Le Navire de Kreed avait fait visiter à Erika tous les rivages des continents. Mais ce soir-là, au fond des cellules rouges, elle découvrit en une heure plus d’étrangetés que sur n’importe quel continent

Derniers jours d’un monde oublié est le premier roman Chris Vuklisevic. Chose assez rare pour Folio SF, ce texte est un inédit ! En effet, il a remporté le concours organisé pour les 20 ans de la collection ! Et ils ne se sont pas trompés, ce livre est splendide et prenant. Sous couvert de l’arrivée d’étrangers sur une île isolée, l’autrice nous brosse le portrait de 3 personnages qui vont être chambouler par cette découverte et qui vont évoluer au gré des événements retentissants qui jalonnent le livre.
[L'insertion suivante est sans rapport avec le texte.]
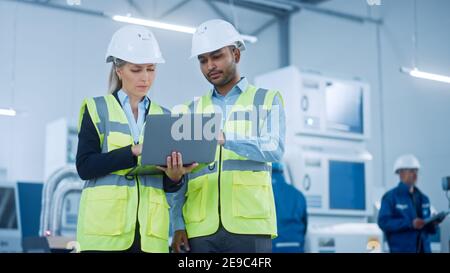 Chief Engineer and Project Manager Wearing Safety Vests and Hard Hats, Use Laptop in Modern Factory, Talking, Optimizing Production Line. Industrial Stock Photo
Trois siècles plus tôt, un cataclysme gigantesque a ravagé le monde et l’île de Sheltel, au centre du monde, se croit la seule rescapée. Pourtant, un navire pirate accoste un jour sur leur rivage. Pour les différentes factions qui luttent pour le pouvoir sur l’île, les étrangers présentent tant une opportunité qu’une menace. Certains manipuleront les foules pour détourner leur attention de leurs propres crimes, quand d’autres chercheront à gagner les faveurs de ces nouveaux arrivants, source de richesses possibles.

A travers le point de vue de 3 personnages majeurs pour l’histoire, l’autrice nous réserve de belles surprises et des mentalités toutes bien trempées. Erika, la pirate, l’étrangère, incarne le lecteur qui découvre cette société étrange fait de rites et de pouvoirs surnaturels. Arthur Pozar, le milliardaire, reflète l’opportunisme capitaliste, qui voit dans ces pirates une nouvelle source de revenus, quitte à bafouer certains principes. Et enfin, la Main,celle qui donne la Mort sur l’île et qui régule les naissances, bien trop souvent consanguines, et qui personnifie la tradition et la peur du changement. Car comment avoir peur de la consanguinité si des « gènes » frais arrivent des continents extérieurs : La Main se fait la voix de la légitimité ébranlée. Des dizaines d’autres idées sont esquissées par l’autrice comme le conflit perpétuel pour l’eau, la cruauté des régnants et des politiques à la Machiavel qui servent le Peuple, quitte à le priver de certains droits.

Loin de rester dans leurs idées reçues, les personnages vont progressivement se transformer, se glisser dans denouveaux concepts car la découverte de l’île est inéluctable. C’est l’une des forces du livre : la progression des personnages. Toujours en cohérence avec les événements, les points de vue évoluent lentement mais sûrement jusqu’à arriver à une conclusion qu’on aurait pu prévoir mais à laquelle on se dit « c’est bien tout de même ! ». Je suis convaincu qu’à une seconde lecture, il y aurait encore nombres de références qui nous auraient mis la puce à l’oreille.

L’autre force du récit est sa structure. Il est articulé sur seulement quelques jours, donnant l’impression que le rythme est effréné, pourtant nombres d’événements se passent sans l’intervention des personnages. Car oui, le monde vit au-delà des protagonistes et non autour d’eux. Avant chaque chapitre, des petites notes, rédigées comme des télégrammes, des articles de loi ou de journaux, apportent des éléments de Lore et alimentent le récit. Ils nous dressent le portrait en une seule et unique page d’une ambiance qui pourra impacter le personnage et qui nous décrit inconsciemment les lieux. Le style est, de fait, sans fioritures, et on apprécie ! Ces notes font tout le travail d’exposition de l’univers, ce qui allège un récit qu’on aurait pu attendre fourre-tout pour un premier roman. Chapeau donc car belle pirouette !

 

Derniers jours d’un monde oublié est un pari réussi pour Folio SF. Chris Vuklisevic a, en moins de 400 pages, créé un univers complexe et profond qui marque par sa maturité et son réalisme. Ses personnages sont touchants et peints d’une manière très humaine, avec leurs peurs et leurs ambitions. Je ne peux que comprendre Folio SF d’avoir accordé sa confiance à ce texte, il est splendide, vif et indéniablement novateur.